|‘Oh Tom, have you written ANOTHER one…?’|
I MAY have mentioned I have a book out. You can have a look at the first few pages HERE, but I thought it would be a gift that kept on giving if I were to shuck and jive your shekels by revealing a bit of ankle. So here’s the first part of what I hope is a portable INSET- and unlike INSET, you can say ‘I call bullshit on this’ with confidence and magnificence rather than hiding it under a cough. And you can marinate yourself in Châteauneuf-du-Pape at the same time. Marvellous.
Most people enter the teaching profession with only an intuitive understanding about what being a teacher actually is. This is understandable, but prone to pitfalls, because those tiny assumptions take root and grow into giant beanstalks throughout your career. Or worse, someone will tell you which seeds are the right ones, and if you’re not careful, you garden is full of…I don’t know, banana trees or something.
If you’re a teacher, you need to take a step back and ask some of the most basic questions about what it is that you actually do- and then assess if it’s what you think being a teacher is really about. So what is a teacher? It seems to me that we won’t get anywhere trying to be a better one if we don’t know what we mean by a teacher in the first place. If you don’t know where you’re going, then any road will take you there.
What is a teacher?
Possibility1: Someone who teaches.
Think you’re clever, eh? Not so fast. We’ve only shifted the question back a bit. What is teaching?
Possibility 2: Someone employed by a school to stand in a classroom and…you know, do the thing.

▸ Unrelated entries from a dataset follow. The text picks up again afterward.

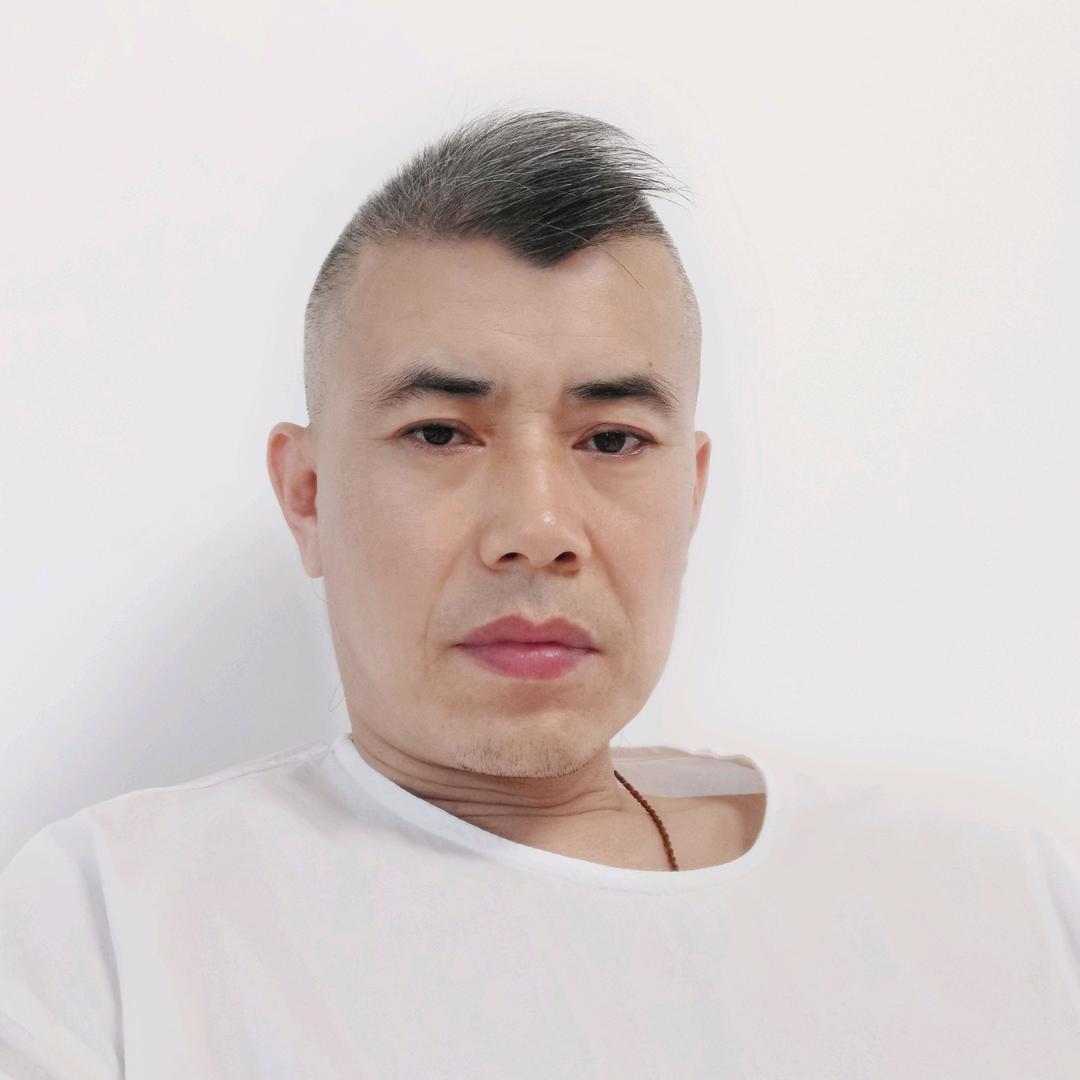 近源號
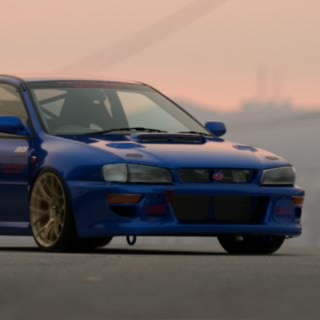 DaTBird187
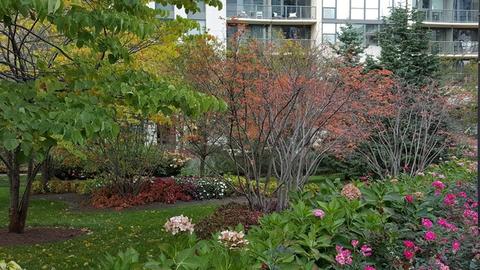 420 E Waterside Dr #512, Chicago, IL 60601 photo 20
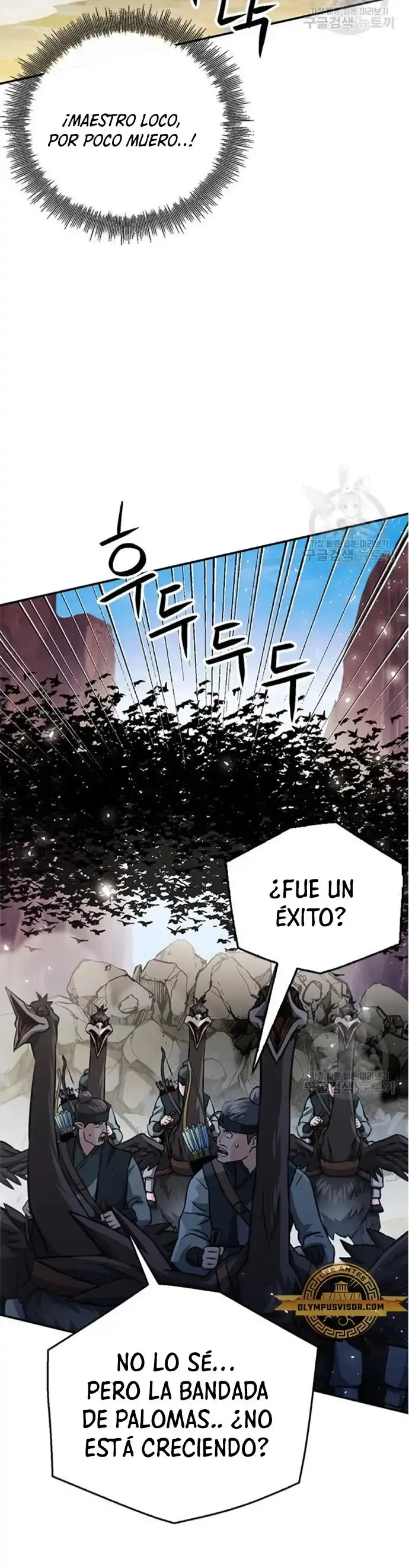 Capitulo 124 page 19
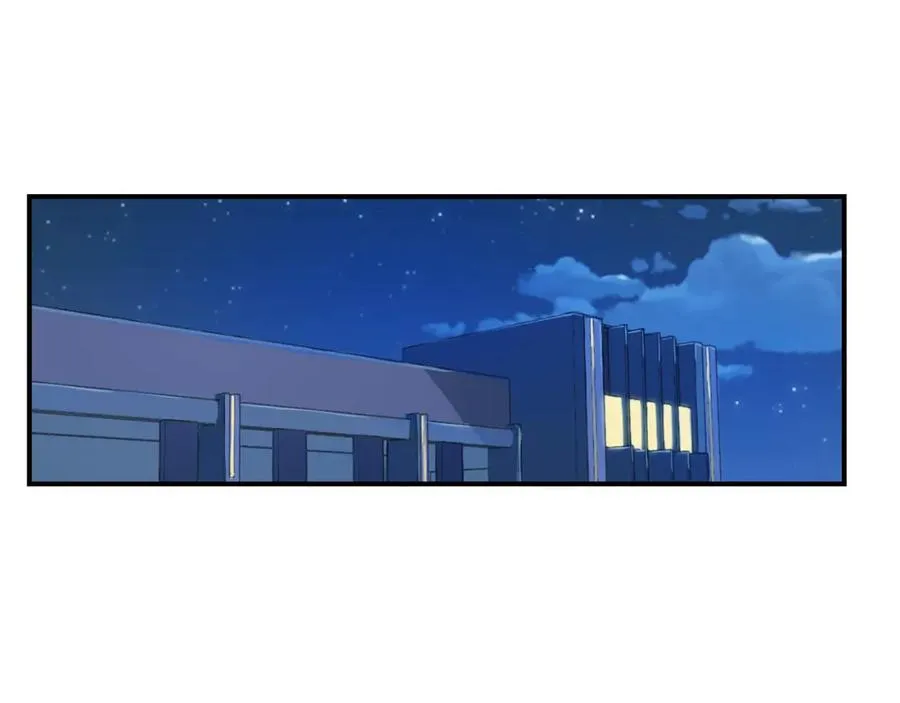 3-4要不你跟我来合租吧5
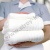 Порошок стир. Alpi Expert White, 2.5кг GRASS 125399 (для белых вещей)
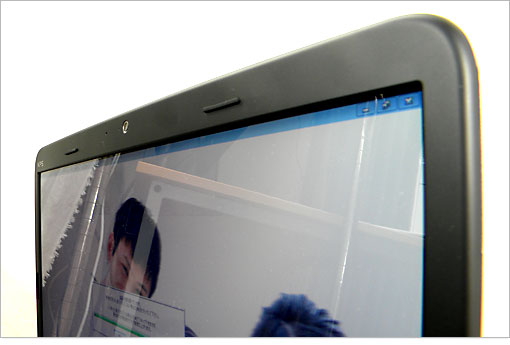 ※XPS 17の最新情報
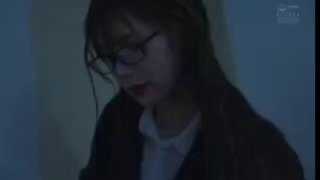 麻豆在线国产,国产精品免费大片一区二区高清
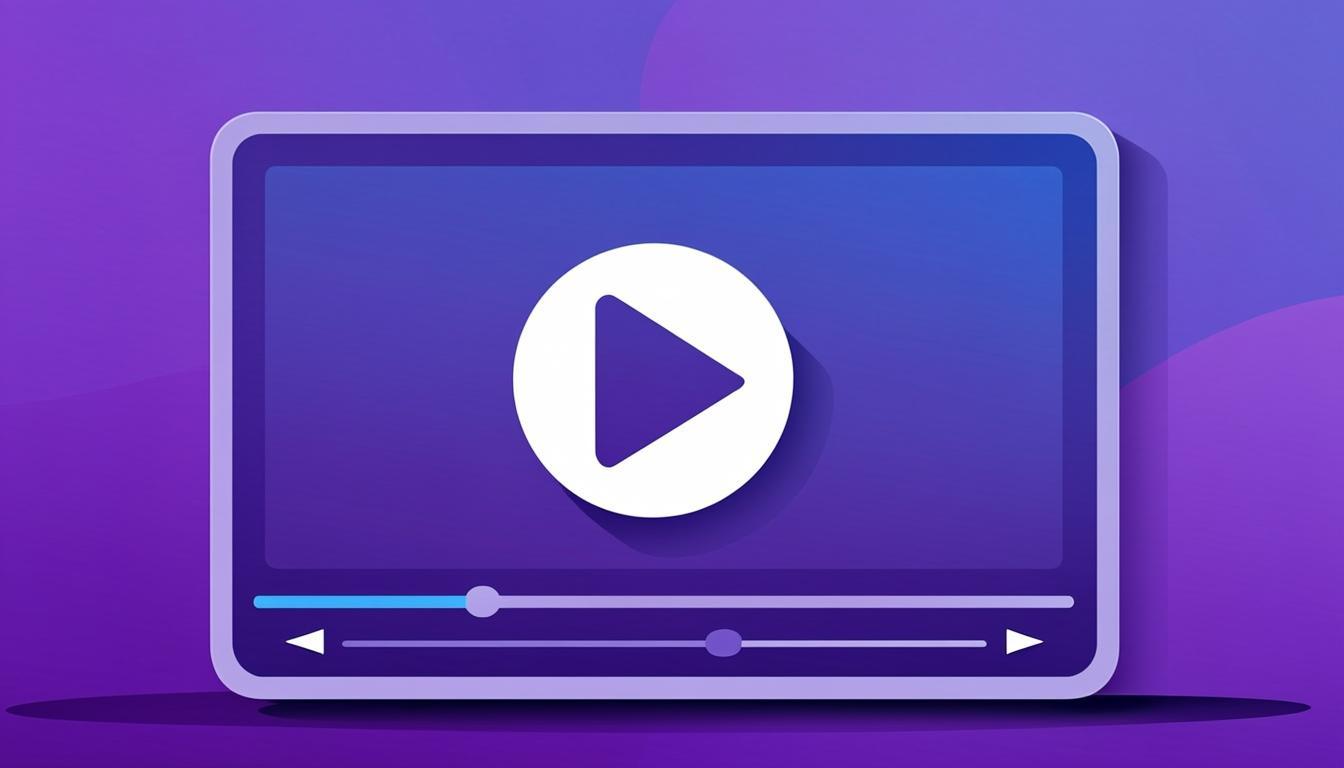 VSL Funnels: When to Use Video Instead of Text on Your Sales Page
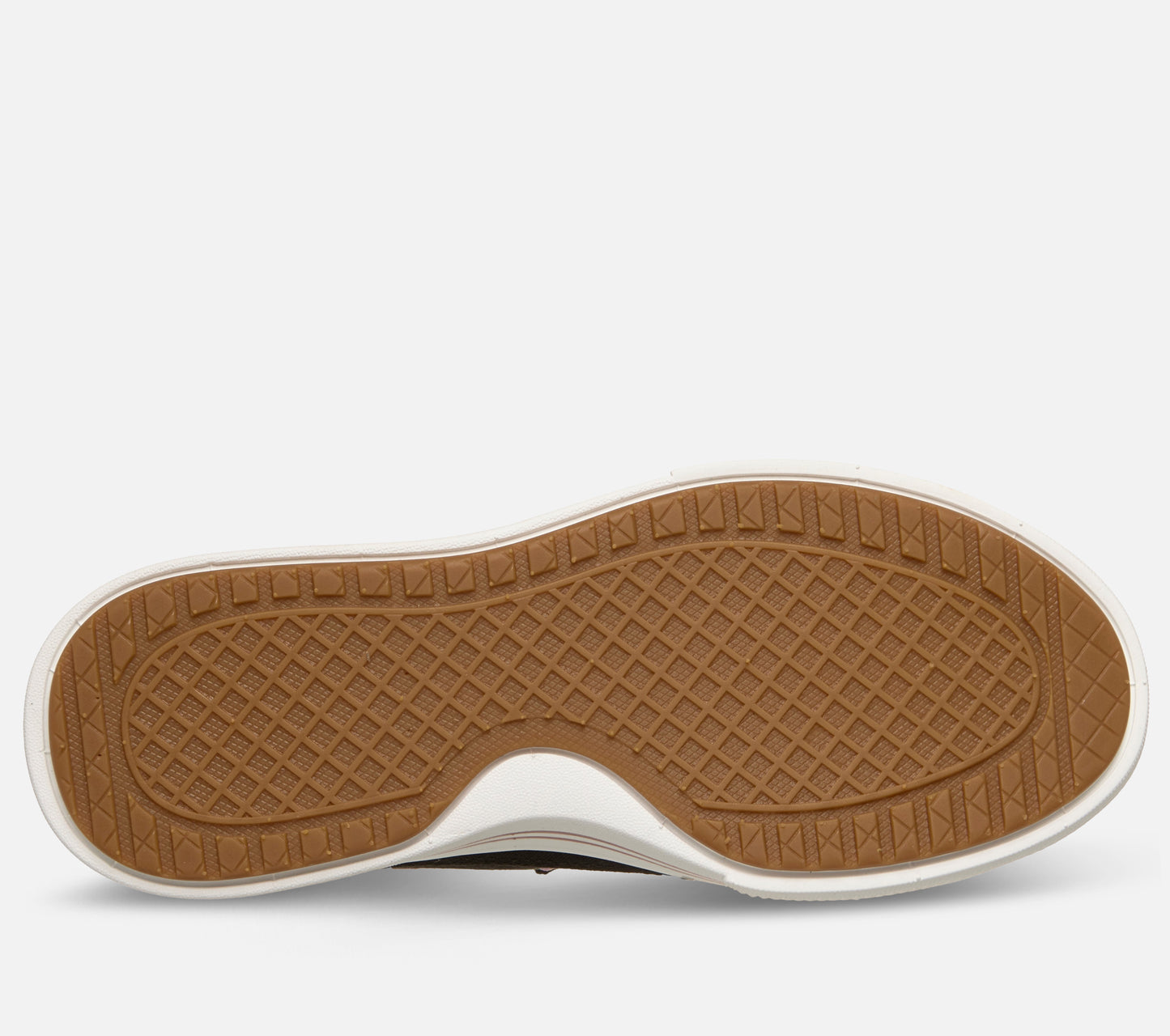 Arch Fit Arcade - Subtle Bouquet Shoe Skechers.no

This definition at least has the benefit of being concrete and definable. You are a teacher if someone provides you with a pay cheque to teach. You turn up, make educational jazz hands, and at the end of the day you go home to a pile of marking. Children vaguely address you as Sir or Miss (or if you’re in a progressive hell-hole, ‘Jim’). The problem then is that you’ve also simply pushed the definition back a degree, onto the shoulders of the people who employ you. How do they know what teaching is? What if different schools have different ideas about what a teacher is? No good.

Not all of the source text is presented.